最近、図書館の児童書コーナーにハマっている。昔からわかってはいたけども、私はいわゆる大人向けの書籍コーナーにいるよりも、こっちの方が性に合うみたい。手に取るスピードも、借りる冊数も全然違うもの……。
そんな中で、今回特に「これはすごい!」と思った1冊を紹介させてください。
パンダ広告社に勤める主人公、本田パンダは5年目のコピーライター。彼の視点から、広告作成のあれこれや、言葉と格闘する様子が描かれていく。
小学4~6年生向けとは書いているが、広告会社及びコピーライターの仕事がかなりリアルなテイストで描かれているように感じた(コンペ=コンペティションといった用語の説明もナチュラルに入れてくる)。小学生向けだから~ という文脈は控えたいのだが、想像していたよりも「お仕事小説」だったので嬉しい誤算だったのだ。しかし、文体は平易でキャッチー。児童書では文字数が多い方だと思うが、グングン引き込まれ、一気読みしてしまった。
なんでこんなにもリアルなのだろう……と作者プロフィールを見てみると、文担当の間部香代さんの前職はコピーライターとのこと。広告を作る過程の描写が細かいのも、ご自身の経験が活かされているのではと想像される。

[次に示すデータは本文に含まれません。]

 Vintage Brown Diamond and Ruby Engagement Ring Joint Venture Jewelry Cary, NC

コピーを作る難しさ、何のためにコピー(広告)を作るのか、といった点についての一幕には、日々文章を書くことにトライしている私にも刺さるものがあったというか、独りよがりになっちゃいけないなあ、と帯を締め直させていただきました。
あと、最も現実っぽいなあと思ったのは、県大会の開催地が災害の影響で隣町から急遽自社のある街に変更となり、その企画を任された話。
時間が無いのに代々続いてきた県大会のコンセプトをガラッと変えた思い切りの良さと、全肯定する市長の懐の深さは、お話の世界ならではかもしれないが、そんな新開催地のドタバタだけでなく、旧開催地になってしまった街についてもちゃんと触れているのだ。

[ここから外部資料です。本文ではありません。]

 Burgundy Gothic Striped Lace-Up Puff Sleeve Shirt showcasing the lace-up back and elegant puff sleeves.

特に考えさせられたのは、メダル製作にあたって、当初メダル造りを頼まれていた隣町の金属加工会社に話を聞きに行った際、そこに積まれた在庫の山を目にした主人公が「メダルがここにあるということは、お金も払われていないことを意味する(132頁)」と心の中で考えたシーン。

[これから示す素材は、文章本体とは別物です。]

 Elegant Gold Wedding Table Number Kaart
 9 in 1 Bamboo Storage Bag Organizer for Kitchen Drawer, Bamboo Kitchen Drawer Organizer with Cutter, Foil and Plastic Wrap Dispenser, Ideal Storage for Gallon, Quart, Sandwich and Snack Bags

話の主軸は広告会社にあるが、それ以外の利害関係者にもスポットライトを当て、『開催できそう! めでたしめでたし!』で終わらせないのが素敵だなと思った。また、直後の主人公の機転の良さもカッコ良かったし、勉強になりましたです。
物作りって大変で、だけど面白い。
物作りは、色んな人が関わることでできている。
そんなことを思わせてくれる1冊です。気になった方がいらっしゃったら、是非手に取ってみてください。